Przez kilka miesięcy 31-latka utrzymywała, że jej syn jest śmiertelnie chory - o czym przekonała również samego 10-latka i dyrekcję jego szkoły, do której od czasu zdiagnozowania rzekomej białaczki nie chodził (w rzeczywistości u dziecka zdiagnozowano inną, całkowicie uleczalną chorobę - podaje Associated Press).
W związku z chorobą syna kobieta organizowała zbiórkę pieniędzy i prezentów dla niego. Według informacji przekazanych przez policję z Carson City w Nevadzie zebrała m.in. 2 tysiące dolarów za pośrednictwem jednej ze stron internetowych, ale otrzymywała również pieniądze, kupony na zakupy i inne podarunki bezpośrednio od darczyńców.
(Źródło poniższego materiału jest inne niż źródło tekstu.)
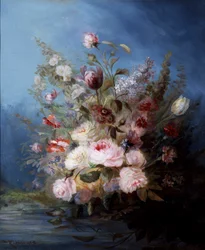 Naturaleza muerta. Ramo de flores junto al agua con rosas y tulipanes. Pintura de Denis Pierre Bergeret (1846-1910) Colección particular.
Na stronie GoFundMe 31-latka napisała, że "jej świat rozpadł się", kiedy dowiedziała się, że jej syn ma białaczkę. Dodała, że jej syn "sporządził listę rzeczy, które chciałby zrobić, zanim będzie zbyt bardzo chory", a ona "chce mu to umożliwić". Jak dodała jest jednak samotną matką wychowującą czwórkę dzieci i dlatego prosi o pomoc w realizacji marzeń syna.
W zeszłym miesiącu kobieta poinformowała w mediach społecznościowych o śmierci swojego dziecka.
Początkowo oskarżono ją o wyłudzenie, ale ostatecznie zarzuty rozszerzono o znęcanie się nad dzieckiem - ten ostatni zarzut jest związany z tym, że kobieta wmówiła 10-latkowi, iż jest on śmiertelnie chory.